(What you are asked to do) Could the data below be printed out exactly, with the pictures left out?

(Information shown)
-----

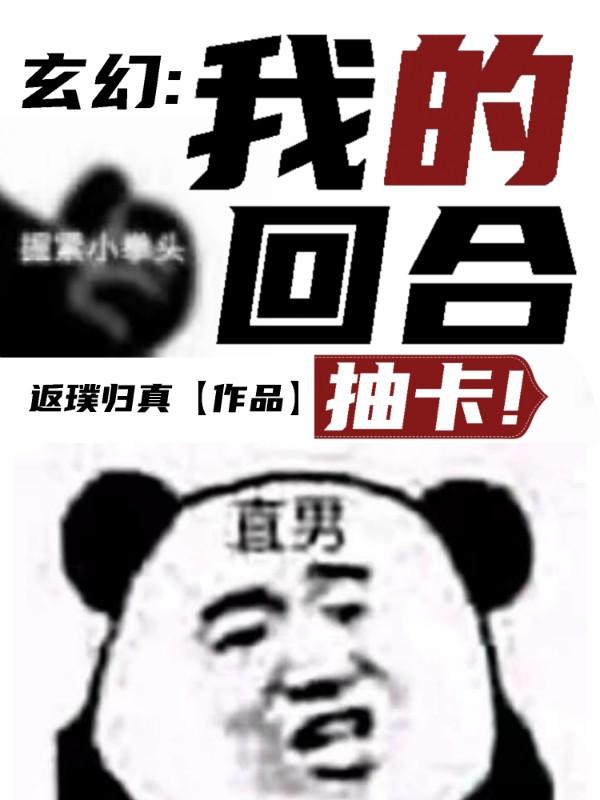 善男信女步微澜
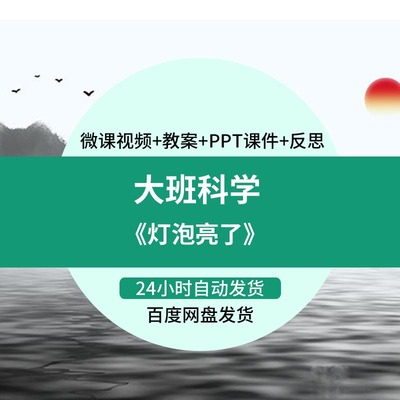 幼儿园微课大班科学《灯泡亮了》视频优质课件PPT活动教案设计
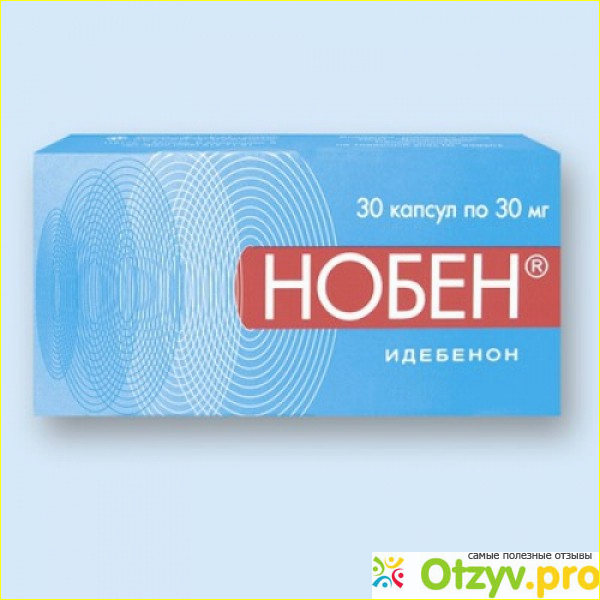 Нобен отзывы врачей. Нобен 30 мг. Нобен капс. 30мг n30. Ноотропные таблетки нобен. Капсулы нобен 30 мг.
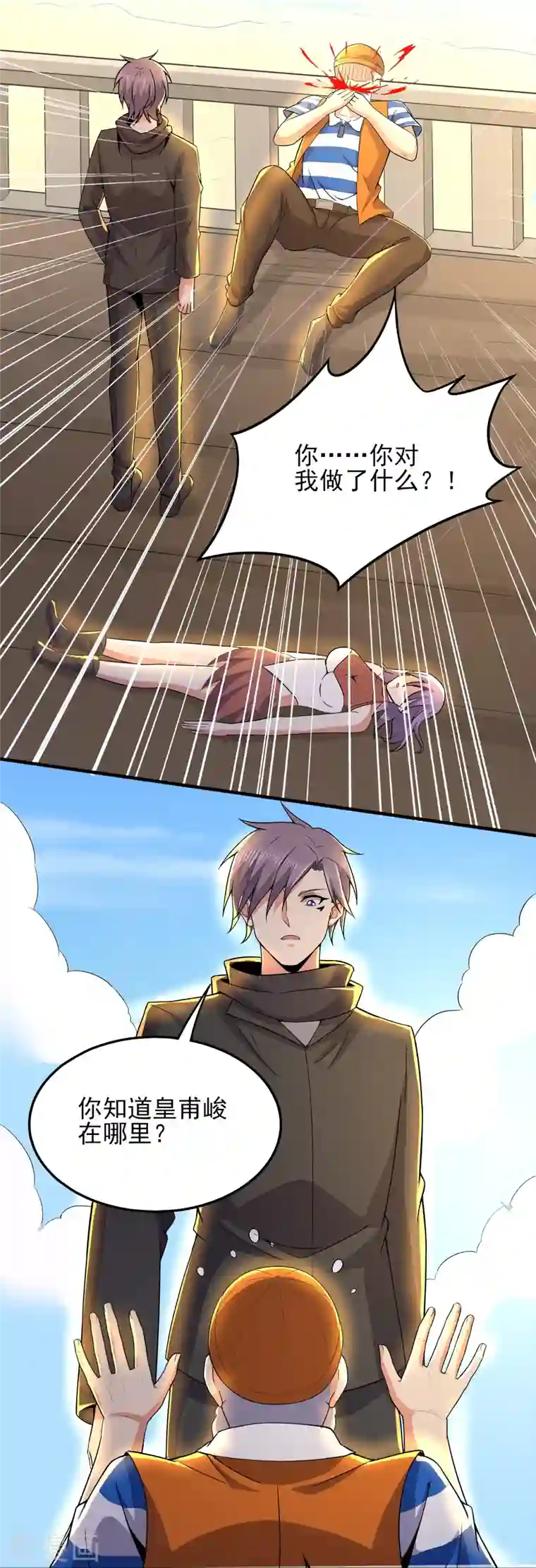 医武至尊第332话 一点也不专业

-----

(Solution for this exercise)
 善男信女步微澜
 幼儿园微课大班科学《灯泡亮了》视频优质课件PPT活动教案设计
 Нобен отзывы врачей. Нобен 30 мг. Нобен капс. 30мг n30. Ноотропные таблетки нобен. Капсулы нобен 30 мг.
 医武至尊第332话 一点也不专业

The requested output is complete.